"How hard can it be to..."
One of my students, age fourteen, is an accomplished amateur ornithologist.
The other day, we were looking at a picture of a bird. I said it looked like a house finch, and he said something like, "No, this bird’s [technical term] is more [technical term], and its wings have [technical term] along the [technical term]. They look nothing alike.”
You see, I don’t have enough bird-related knowledge to hang onto what he said. I definitely do not have the expertise to see the differences between these two bird species at a glance. Where I see “small brownish bird,” my student sees a dazzling level of detail. The difference is so clear to him that he can’t even see how I can’t see it.
Often referred to as “the curse of knowledge,” this issue bedevils well-meaning adults who cannot appropriately calibrate their expectations of children. This is how I, as a tutor, end up spending almost an hour helping a second grader cut letters out of magazines and gluing them to a piece of paper so that he can practice his spelling words in the form of a “ransom note.” For an eight-year-old, this is not a spelling activity. This is a long and excruciating motor planning exercise (and that’s before the glue that’s all over your fingers complicates your subsequent scissor work). I’m sure his teacher thought it was a cute way to spend ten minutes.
The curse of knowledge comes up every time we ask a kid to do something they haven’t been explicitly taught to do (clean their room, take notes in class, or make a nutritious lunch) or haven’t practiced much (do the dishes, negotiate a formal social setting, divide a fraction by a fraction). We can’t see why they can’t get it. We are setting ourselves up for disappointment.
As my mother says, “Your expectations are reasonable. And they’re way too high.”

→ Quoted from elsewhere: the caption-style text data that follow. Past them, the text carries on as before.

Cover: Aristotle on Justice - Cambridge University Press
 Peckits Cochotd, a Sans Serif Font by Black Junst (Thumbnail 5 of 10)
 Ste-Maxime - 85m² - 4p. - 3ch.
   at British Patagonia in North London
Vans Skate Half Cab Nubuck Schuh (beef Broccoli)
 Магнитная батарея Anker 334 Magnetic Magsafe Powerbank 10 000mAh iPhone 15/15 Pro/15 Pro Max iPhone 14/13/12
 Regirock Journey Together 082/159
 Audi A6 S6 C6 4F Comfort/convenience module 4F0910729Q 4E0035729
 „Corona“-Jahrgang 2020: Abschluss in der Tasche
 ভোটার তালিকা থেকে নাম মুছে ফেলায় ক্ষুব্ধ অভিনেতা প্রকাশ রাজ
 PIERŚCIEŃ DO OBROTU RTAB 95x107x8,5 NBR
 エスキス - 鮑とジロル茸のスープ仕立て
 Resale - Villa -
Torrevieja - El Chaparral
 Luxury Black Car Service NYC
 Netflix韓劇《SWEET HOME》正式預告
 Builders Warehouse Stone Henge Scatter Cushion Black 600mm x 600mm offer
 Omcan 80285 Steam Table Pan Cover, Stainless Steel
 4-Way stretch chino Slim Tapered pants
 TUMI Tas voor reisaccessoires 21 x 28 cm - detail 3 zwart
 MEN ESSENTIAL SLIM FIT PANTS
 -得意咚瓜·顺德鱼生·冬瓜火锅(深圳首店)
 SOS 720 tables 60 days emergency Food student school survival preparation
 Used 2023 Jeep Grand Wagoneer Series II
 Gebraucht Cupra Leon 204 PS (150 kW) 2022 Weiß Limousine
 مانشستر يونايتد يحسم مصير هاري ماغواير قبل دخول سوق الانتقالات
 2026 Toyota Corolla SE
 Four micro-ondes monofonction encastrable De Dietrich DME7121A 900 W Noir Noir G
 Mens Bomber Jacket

Human development is a miracle. Eight years ago, she was pooping in her pants and couldn’t say a complete sentence — now, she’s learning about the Mongols, playing on a soccer team, and reminding everyone in the house to recycle. However, there are still some things that she may not be developmentally ready for, no matter how easy they seem to you.
It may appear to be laziness, carelessness, or poor listening. But I encourage you to allow for the possibility that you’re bearing witness to your child’s very best effort.
You may think he’s not trying hard enough — but he may be giving it everything he’s got. He’s actually doing the best he can.
So instead of focusing on a standard that you think your child should be able to meet, pay attention to the growth you see.
It may be tiny, but it’s there. You only have to remind her three times to use a napkin at dinner. He hesitates for a shorter amount of time when calculating 8 + 7. She only went off the paper and wrote on the coffee table once this time.
“How hard can it be to (fill in the blank)?” Harder than you think. Harder than you remember. It’s okay to be annoyed and impatient sometimes — you’re doing the best you can, too — but make space to be amazed and delighted, too.